### About this exercise
Although the data below contains pictures, output only the lines between those holding "2025 Acura ADX A-Spec with Advance" and "Diane D3720 Self Grip Rollers, Blue Diane", inclusive, exactly and without those pictures.

### The records
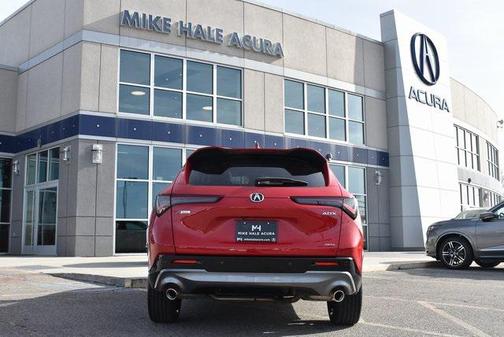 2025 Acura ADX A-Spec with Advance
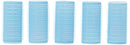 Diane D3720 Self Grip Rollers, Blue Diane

* * *

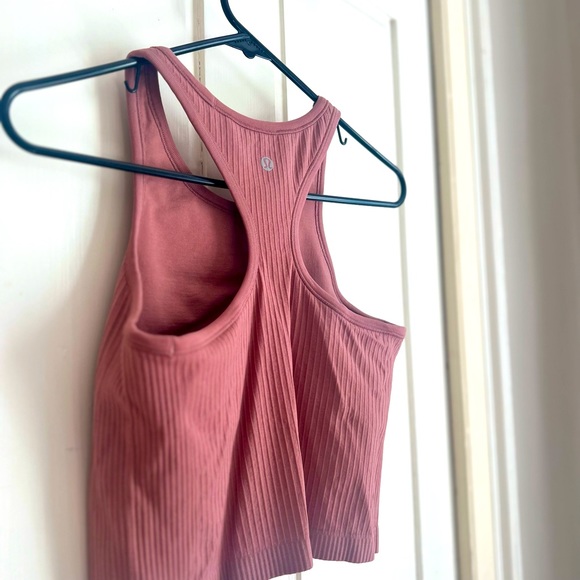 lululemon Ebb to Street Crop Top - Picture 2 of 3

--

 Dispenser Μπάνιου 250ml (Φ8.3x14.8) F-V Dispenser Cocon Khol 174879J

### Solution to this exercise
 2025 Acura ADX A-Spec with Advance
 Diane D3720 Self Grip Rollers, Blue Diane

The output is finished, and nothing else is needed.